I raise this topic davka this morning to remind us what it means to be a Jew. At a time when we would be justified to circle the wagons and say, “Jewish Lives Matter,” the Torah is telling us, all lives matter. “Ethnic solidarity must be entwined with broader human solidarity.”

To be sure, we must put family first. We must ensure our safety. But we must not limit ourselves to family. “To those who insist, we should take care of our own and let others take care of theirs, the Torah responds with Moses, the leader whose example teaches that we rise to defend even those who are foreign to us.” (Held, ibid.). Like Moses, our obligation is to stand up for the rights of the oppressed, regardless of their religion, nationality or citizenship.

In the words of Rabbi Donniel Hartman: “Our responsibility is to protect and ensure the survival of the Jewish people, but our mission is to create a people guided by a tradition which challenges us to live lives of meaning and value and which can be a light both to ourselves and others. We need to fight anti-Semitism wherever it appears but fighting anti-Semitism must not exhaust or define the purpose of Jewish life… The principle lesson of Auschwitz is “Never Again.” The principle lesson of Sinai is the challenge to become a holy people.”

It is a message that was echoed by Martin Luther King whose legacy we mark this weekend. King didn’t just fight for the civil rights of African Americans. He fought for the rights of all Americans. He fought against the Vietnam War and fought for the economic security of the poor. King organized the Poor People’s Campaign to alleviate poverty in America regardless of race saying, “An individual has not started living until he can rise above the narrow confines of his individualistic concerns to the broader concerns of all humanity.”

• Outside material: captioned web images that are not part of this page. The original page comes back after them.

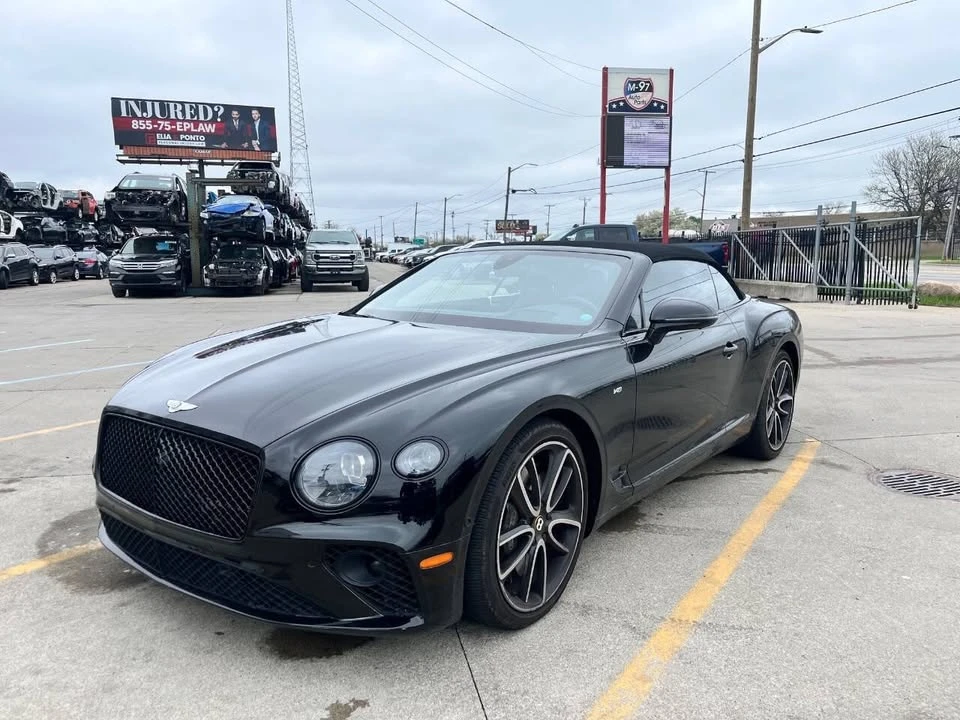 2020 Bentley Continental GT 3rd Gen - Image 2 of 6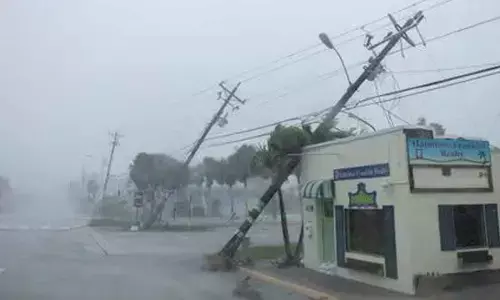 Reckless Conduct of Big Oil Caused Hurricane Milton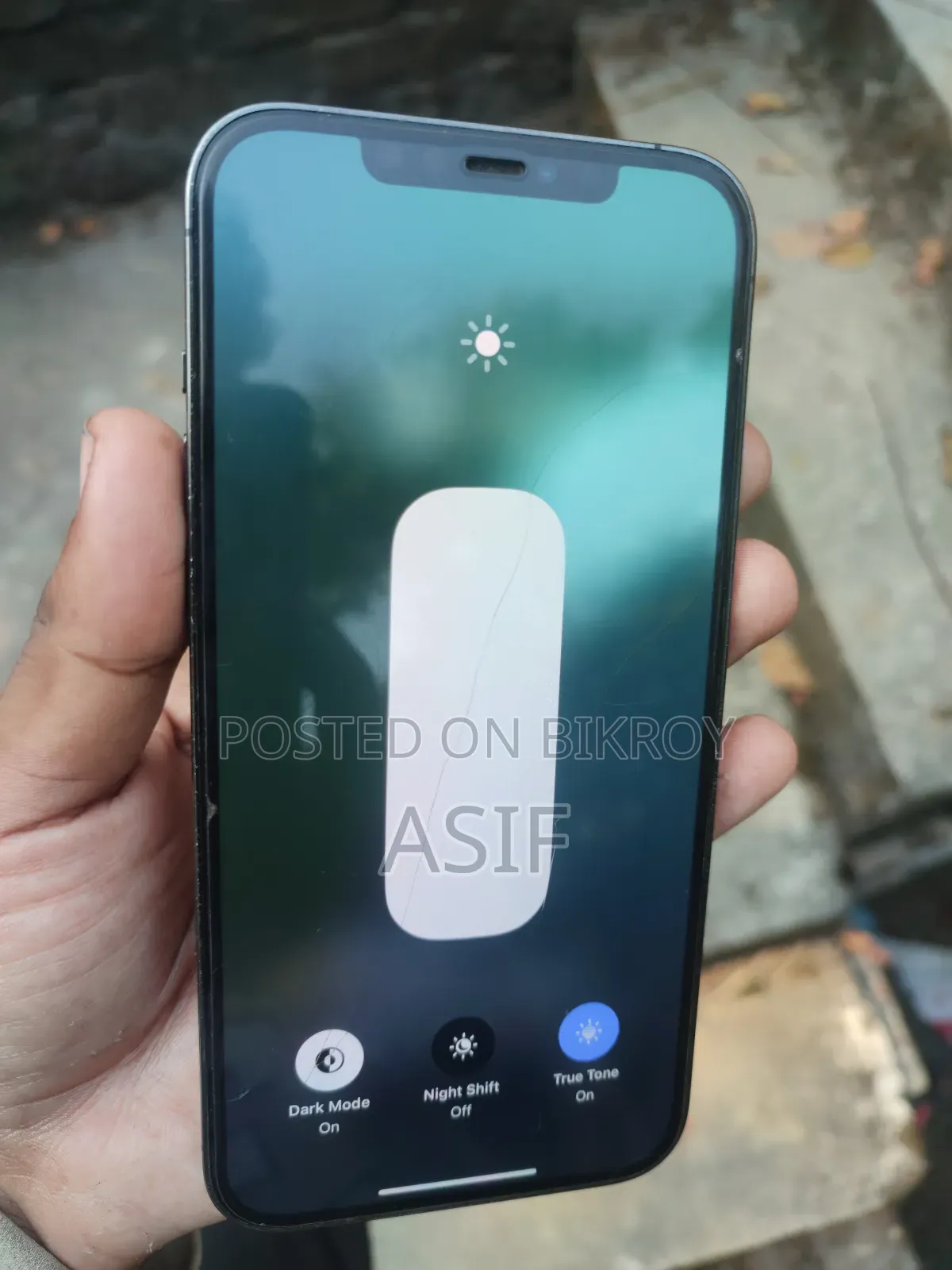 Apple iPhone 12 Pro Max 256 GB Gray
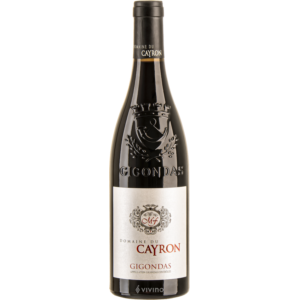 ワイン Domaine du Cayron Gigondas 2010 750ml Rote3R-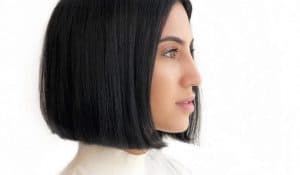 Classic Bob Cut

I’d like to conclude with the words of columnist Bari Weiss who spoke at the “No Hate, No Fear” rally in New York City:

I am not a Jew because people hate my religion, my people, and my civilization.

Not for a single moment does Jew-hatred, make me a Jew.

I am a Jew because my ancestors were slaves. And I am a Jew because the story of their Exodus from Egypt, their liberation from slavery, is a story that changed human consciousness forever.

I am a Jew because our God commands us to never oppress the stranger.

I am a Jew because the biblical words on the liberty bell — proclaim liberty throughout the land! — rang out from the righteous mouths of this country’s abolitionists as they fought for universal freedom in this New Jerusalem.

I am a Jew because it was Emma Lazarus who etched the biblical injunction to welcome the stranger onto the consciousness of America when she wrote the words: “Give me your tired, your poor, Your huddled masses yearning to breathe free.”

I am a Jew because I refuse to stay silent in the face of injustice.

The Jewish people were not put on Earth to be anti-anti-Semites. We were put on Earth to be Jews. We are the people whose God never slumbers or sleeps, and so neither can we.